Tea Glossary: 65+ Tea Terms, Clearly Defined (2026)

Camellia sinensis, oxidation, CTC, flush, gongfu, FTGFOP, L-theanine — the working vocabulary of tea, defined plainly and accurately.

By Justin Park · ~12 min read · Updated 2026-06-23

Tea has its own language, and most of it is older than the words we usually reach for. This glossary defines 65+ terms a curious drinker actually runs into — on a tin, a tasting note, a vendor's site, or in an argument about whether pu-erh is really "fermented." Each definition is written to be crisp and liftable: read one entry and you know the thing.

We've kept the definitions honest. Where a common term is technically wrong — "fermentation" gets used for processes that are actually oxidation — we say so. Where a word is fuzzy by nature ("dark tea," "artisan"), we flag the fuzziness instead of pretending it's precise. Health-adjacent compounds like catechins and L-theanine are described as "studied for" their effects, not promised as cures.
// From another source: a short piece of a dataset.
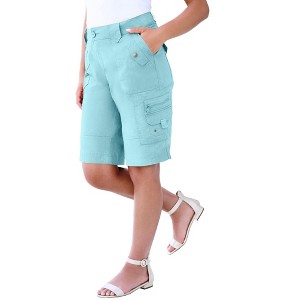 Roaman's Plus Size Cargo Shorts - 1 of 4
Reviewed and current as of 2026. If you only remember one thing: all "true" tea — black, green, white, oolong, yellow, and dark — comes from one plant, Camellia sinensis; everything else steeped in hot water is technically a tisane.

The short version

  • All true tea comes from one species, Camellia sinensis; herbal "teas" (chamomile, peppermint, rooibos) are tisanes, not tea.
  • The six tea types differ mainly by how much the leaf is oxidized — from near-zero (green, white) to full (black) — not by different plants.
  • "Fermentation" is usually a misnomer: most tea is oxidized (an enzymatic, oxygen-driven process). Only pu-erh and dark teas undergo true microbial fermentation.
  • Leaf-grade acronyms like FTGFOP describe leaf size, wholeness, and tip content — not a guaranteed taste rating.
  • Catechins, EGCG, and L-theanine are tea compounds studied for various effects; this glossary describes them, it does not make medical claims.

Find your match

30-sec finder

Question 1 of 6

What do you want your tea to do for you?

How to use this glossary

Terms are grouped into five families below, then defined in full in the master list. Skim the family you need, or read straight through. Cross-references point you to related entries.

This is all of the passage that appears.